# Required action
Once you find the line with "airco (automatisch) airco (automatisch)" in the entries below, return exactly every line from it through the line with "800 West Ave #435 Miami Beach, FL 33139".

# Records provided
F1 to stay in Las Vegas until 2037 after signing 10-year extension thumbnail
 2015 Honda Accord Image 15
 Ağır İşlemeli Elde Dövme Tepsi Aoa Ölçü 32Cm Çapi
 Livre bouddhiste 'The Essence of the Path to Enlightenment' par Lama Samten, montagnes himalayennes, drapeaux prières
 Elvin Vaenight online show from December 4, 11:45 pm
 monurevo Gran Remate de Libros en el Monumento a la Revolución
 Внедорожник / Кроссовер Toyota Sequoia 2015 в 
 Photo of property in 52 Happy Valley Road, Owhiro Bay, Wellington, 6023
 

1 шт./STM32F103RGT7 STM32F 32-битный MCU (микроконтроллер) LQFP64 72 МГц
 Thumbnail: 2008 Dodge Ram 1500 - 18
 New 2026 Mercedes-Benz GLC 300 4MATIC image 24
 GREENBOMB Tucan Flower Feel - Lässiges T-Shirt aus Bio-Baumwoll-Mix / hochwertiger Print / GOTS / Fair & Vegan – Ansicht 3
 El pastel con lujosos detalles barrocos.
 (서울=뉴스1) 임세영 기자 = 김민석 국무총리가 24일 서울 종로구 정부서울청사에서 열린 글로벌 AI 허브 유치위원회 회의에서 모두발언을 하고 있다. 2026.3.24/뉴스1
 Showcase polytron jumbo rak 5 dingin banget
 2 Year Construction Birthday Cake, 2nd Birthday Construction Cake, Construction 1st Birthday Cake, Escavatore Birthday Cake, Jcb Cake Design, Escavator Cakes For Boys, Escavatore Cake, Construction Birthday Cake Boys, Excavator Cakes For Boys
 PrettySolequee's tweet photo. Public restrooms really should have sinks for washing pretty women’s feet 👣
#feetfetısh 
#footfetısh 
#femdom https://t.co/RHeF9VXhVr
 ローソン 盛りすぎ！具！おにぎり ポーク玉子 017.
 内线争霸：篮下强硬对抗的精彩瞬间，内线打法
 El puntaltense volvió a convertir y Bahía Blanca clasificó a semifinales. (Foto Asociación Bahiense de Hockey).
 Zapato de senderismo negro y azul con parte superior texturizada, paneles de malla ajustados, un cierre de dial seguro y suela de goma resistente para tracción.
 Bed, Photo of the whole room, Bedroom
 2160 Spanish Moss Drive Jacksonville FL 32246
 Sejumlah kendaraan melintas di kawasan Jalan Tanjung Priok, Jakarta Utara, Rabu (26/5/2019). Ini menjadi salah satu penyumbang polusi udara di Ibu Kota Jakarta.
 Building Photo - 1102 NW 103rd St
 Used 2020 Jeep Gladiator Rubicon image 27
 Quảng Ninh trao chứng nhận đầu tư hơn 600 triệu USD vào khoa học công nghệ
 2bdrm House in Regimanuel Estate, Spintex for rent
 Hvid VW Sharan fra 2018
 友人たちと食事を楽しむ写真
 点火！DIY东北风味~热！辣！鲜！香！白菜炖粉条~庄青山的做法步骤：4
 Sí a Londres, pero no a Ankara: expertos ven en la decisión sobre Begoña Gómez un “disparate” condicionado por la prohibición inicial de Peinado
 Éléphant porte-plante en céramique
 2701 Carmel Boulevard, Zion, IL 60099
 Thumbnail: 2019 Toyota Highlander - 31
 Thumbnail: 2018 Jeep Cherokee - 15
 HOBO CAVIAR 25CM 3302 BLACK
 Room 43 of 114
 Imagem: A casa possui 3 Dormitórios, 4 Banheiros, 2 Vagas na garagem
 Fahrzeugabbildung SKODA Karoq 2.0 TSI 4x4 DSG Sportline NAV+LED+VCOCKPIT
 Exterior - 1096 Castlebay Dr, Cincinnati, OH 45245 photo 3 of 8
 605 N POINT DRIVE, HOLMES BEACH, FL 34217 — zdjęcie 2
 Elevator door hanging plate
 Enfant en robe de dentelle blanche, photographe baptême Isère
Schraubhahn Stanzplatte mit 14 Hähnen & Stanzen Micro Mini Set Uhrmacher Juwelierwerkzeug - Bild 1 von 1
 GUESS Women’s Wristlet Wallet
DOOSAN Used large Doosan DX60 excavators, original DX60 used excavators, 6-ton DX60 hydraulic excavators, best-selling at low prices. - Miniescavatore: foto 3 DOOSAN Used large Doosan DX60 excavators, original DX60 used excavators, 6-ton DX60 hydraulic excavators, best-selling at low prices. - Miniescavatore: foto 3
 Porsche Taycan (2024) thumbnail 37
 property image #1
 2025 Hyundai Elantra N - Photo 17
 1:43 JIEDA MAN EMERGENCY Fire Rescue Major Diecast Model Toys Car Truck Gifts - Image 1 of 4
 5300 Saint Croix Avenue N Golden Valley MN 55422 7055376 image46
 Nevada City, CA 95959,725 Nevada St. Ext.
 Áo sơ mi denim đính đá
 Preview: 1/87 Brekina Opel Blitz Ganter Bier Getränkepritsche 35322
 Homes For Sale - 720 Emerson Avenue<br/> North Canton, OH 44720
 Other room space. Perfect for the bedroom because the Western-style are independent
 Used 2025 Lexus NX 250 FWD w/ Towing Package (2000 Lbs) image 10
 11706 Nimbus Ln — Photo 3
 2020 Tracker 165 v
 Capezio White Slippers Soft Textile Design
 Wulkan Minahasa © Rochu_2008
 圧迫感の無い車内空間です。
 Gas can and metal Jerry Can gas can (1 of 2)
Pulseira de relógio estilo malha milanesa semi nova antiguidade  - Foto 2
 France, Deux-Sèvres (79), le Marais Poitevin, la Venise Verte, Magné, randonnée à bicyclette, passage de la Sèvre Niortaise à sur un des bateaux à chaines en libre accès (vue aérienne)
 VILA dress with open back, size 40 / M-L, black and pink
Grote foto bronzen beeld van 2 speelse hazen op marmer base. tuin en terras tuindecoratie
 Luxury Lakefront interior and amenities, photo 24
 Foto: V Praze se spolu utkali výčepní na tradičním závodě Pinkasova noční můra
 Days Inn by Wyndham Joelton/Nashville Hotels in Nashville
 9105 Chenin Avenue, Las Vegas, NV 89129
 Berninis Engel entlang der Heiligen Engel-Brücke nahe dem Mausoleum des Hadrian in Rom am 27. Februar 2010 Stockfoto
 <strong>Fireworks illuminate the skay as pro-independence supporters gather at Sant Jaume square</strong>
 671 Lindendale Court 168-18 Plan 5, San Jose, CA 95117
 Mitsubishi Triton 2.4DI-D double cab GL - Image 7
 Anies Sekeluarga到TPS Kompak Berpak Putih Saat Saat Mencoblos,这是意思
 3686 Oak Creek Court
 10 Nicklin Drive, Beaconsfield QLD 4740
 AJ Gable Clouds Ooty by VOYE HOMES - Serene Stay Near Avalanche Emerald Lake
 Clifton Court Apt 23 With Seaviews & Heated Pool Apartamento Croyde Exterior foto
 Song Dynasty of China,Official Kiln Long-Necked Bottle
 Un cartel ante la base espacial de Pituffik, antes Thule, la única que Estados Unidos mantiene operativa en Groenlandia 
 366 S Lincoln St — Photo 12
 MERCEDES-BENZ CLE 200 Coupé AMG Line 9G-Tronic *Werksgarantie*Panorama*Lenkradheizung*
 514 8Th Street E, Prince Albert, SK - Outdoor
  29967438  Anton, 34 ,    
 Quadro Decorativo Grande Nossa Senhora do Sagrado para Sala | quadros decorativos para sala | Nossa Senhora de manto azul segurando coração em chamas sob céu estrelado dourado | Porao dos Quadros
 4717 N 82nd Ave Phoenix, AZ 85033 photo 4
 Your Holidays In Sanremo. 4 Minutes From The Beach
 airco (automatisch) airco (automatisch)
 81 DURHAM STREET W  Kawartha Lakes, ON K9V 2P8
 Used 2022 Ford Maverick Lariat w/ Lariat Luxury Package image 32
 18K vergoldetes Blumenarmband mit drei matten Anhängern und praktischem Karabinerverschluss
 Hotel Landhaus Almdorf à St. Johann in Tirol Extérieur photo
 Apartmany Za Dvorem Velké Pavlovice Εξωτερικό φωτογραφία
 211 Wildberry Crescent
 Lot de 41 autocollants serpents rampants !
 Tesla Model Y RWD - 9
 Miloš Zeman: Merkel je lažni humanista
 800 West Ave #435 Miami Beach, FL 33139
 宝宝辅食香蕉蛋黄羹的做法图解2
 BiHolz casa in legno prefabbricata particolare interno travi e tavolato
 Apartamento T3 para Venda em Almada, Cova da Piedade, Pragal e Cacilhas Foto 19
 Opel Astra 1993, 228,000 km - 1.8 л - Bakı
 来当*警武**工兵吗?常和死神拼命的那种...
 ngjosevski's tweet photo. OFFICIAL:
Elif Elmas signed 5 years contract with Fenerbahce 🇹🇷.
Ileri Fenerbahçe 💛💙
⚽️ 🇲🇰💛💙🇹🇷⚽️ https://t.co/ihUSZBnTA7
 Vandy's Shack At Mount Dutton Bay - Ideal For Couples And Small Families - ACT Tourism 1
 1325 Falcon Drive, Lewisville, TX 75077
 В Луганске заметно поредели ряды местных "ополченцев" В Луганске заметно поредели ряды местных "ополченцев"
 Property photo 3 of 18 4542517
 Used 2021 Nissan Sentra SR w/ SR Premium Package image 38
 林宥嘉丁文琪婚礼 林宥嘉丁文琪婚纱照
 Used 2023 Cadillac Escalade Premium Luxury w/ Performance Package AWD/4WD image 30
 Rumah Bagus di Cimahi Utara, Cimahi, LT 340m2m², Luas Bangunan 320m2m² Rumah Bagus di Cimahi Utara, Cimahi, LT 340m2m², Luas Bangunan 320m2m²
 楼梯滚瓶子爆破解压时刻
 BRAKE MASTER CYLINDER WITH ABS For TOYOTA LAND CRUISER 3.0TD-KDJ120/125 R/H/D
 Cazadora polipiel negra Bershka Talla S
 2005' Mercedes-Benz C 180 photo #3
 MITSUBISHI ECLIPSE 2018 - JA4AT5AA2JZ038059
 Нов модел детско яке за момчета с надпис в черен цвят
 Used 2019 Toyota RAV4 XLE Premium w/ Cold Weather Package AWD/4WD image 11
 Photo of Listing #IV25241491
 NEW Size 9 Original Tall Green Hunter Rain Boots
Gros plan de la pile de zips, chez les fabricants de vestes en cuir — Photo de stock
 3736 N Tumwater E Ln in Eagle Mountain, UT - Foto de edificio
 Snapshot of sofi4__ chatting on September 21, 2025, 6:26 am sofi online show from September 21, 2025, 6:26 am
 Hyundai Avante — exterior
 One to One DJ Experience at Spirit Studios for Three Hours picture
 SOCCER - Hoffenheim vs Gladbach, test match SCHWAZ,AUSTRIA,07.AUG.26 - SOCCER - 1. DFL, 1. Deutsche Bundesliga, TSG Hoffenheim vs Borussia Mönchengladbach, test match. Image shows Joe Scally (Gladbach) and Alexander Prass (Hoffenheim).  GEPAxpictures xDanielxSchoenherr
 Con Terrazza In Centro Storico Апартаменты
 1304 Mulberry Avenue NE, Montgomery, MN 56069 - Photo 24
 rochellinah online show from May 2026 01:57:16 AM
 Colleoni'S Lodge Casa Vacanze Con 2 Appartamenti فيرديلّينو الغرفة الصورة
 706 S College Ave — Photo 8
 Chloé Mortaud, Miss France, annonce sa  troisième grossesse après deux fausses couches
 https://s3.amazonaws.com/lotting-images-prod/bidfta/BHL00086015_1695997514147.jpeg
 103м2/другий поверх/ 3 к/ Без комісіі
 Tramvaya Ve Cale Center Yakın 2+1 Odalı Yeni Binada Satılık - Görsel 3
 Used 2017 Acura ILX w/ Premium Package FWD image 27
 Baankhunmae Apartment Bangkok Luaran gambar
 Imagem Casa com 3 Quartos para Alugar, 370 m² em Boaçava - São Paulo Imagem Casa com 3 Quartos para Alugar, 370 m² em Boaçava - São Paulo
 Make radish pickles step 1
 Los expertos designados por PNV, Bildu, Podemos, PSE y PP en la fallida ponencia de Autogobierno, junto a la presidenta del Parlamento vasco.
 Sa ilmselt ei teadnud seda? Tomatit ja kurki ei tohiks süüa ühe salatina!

# Written solution
 airco (automatisch) airco (automatisch)
 81 DURHAM STREET W  Kawartha Lakes, ON K9V 2P8
 Used 2022 Ford Maverick Lariat w/ Lariat Luxury Package image 32
 18K vergoldetes Blumenarmband mit drei matten Anhängern und praktischem Karabinerverschluss
 Hotel Landhaus Almdorf à St. Johann in Tirol Extérieur photo
 Apartmany Za Dvorem Velké Pavlovice Εξωτερικό φωτογραφία
 211 Wildberry Crescent
 Lot de 41 autocollants serpents rampants !
 Tesla Model Y RWD - 9
 Miloš Zeman: Merkel je lažni humanista
 800 West Ave #435 Miami Beach, FL 33139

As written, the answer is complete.